If you forget it, down and up, until it works again.
./startup.sh will unpack the .war automatically.
Watch the logfile: tail -f ~/tomcat/logs/catalina.out
- Browser: localhost:8080/xquery-demo ... and there it is!
- Own servlets are not developped inside tomcat, but anywhere (e.g. using eclipse).
Go to your home directory (or wherever you maintain your source codes) and
get the ServletDemo
(download):
cp /afs/informatik.uni-goettingen.de/course/xml-lecture/servletdemo.zip .
unzip servletdemo.zip
cd servletdemo
there is an ant-file "build.xml" in it. (by the way, ant is written in XML, but now we just want to use it).
Set the CATALINA_HOME environment variable to your tomcat. You can do this by adding
export CATALINA_HOME="/home/YOURNAME/tomcat"
(note: a relative path ~/tomcat will NOT work)
to your .bashrc file, or simply (temporarily) by executing that command now.
Run the build.xml with the deploy target:
ant deploy and it copies its executable into tomcat/webapps.
cd tomcat/bin
./shutdown.sh
./startup.sh
Watch the logfile: tail -f ~/tomcat/logs/catalina.out
Browser: localhost:8080/servletdemo ... and there it is!
note: you did not even yet need to edit the configuration file in tomcat/conf/server.xml.
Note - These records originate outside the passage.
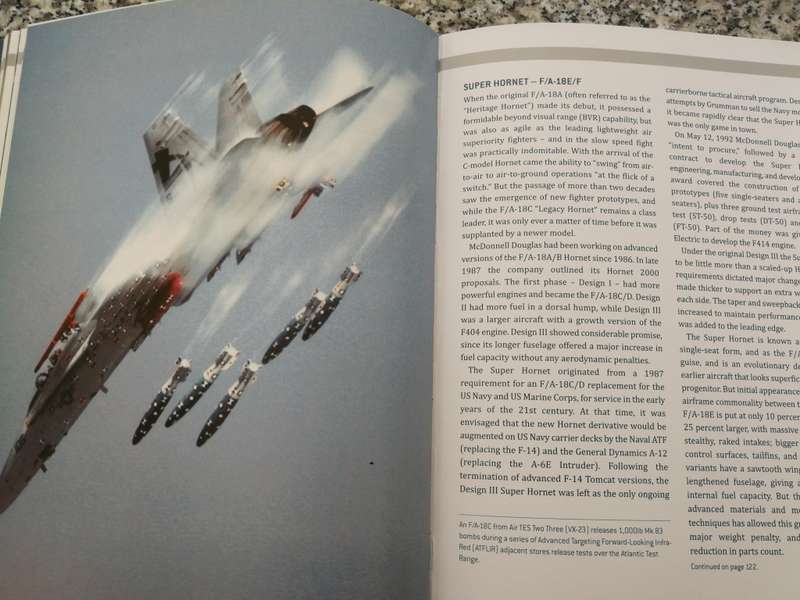 US MULTI ROLE FIGHTER JETS STEVE DAVIES ( Fighter Jets Aircraft Flight  aviation  )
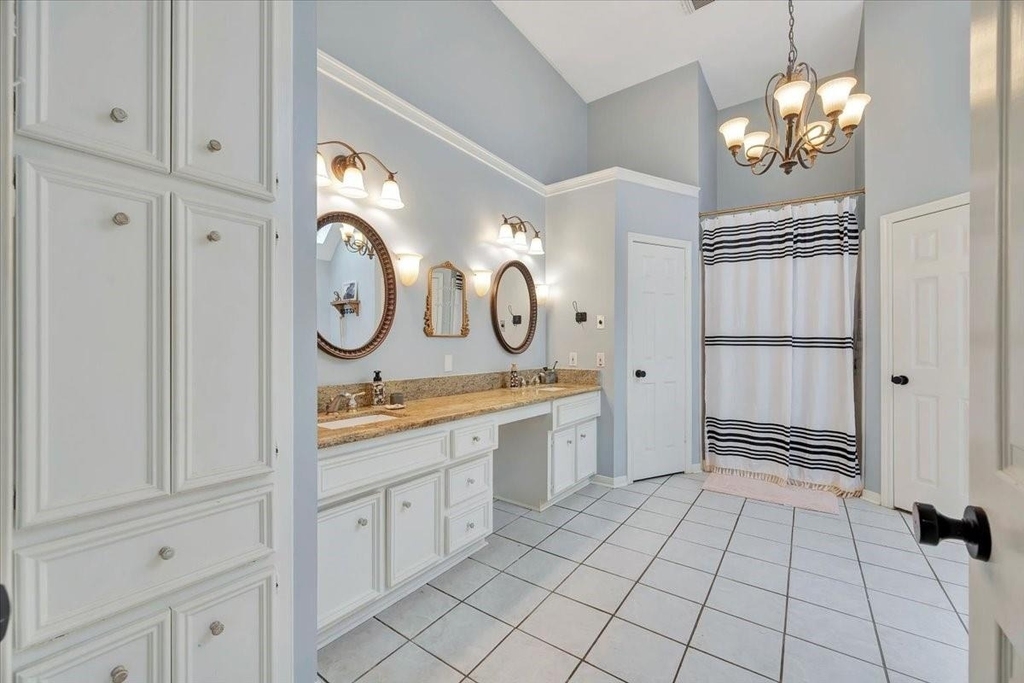 15402 Willow Shores Drive - Photo 20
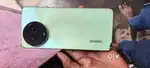 Realme c67 5g 4+4 128 ak dam condition me hai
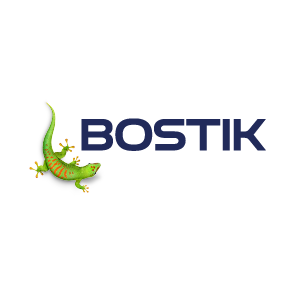 Bostik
If the servlet name
is the same as the source code name in the webapps, it is found automatically.
- For Web Service communication between different computers in the CIP Pool, Tomcats running on other
computers in the CIP Pool can be addressed by cip0XX.cip.loc:8080.
You can also run two tomcats on the same computer by installing another one in a directory
tomcat2/. Set the Connector port of the second one to 8081, and its shutdown port (by default set to 8005)
to 8006 in its tomcat2/conf/server.xml.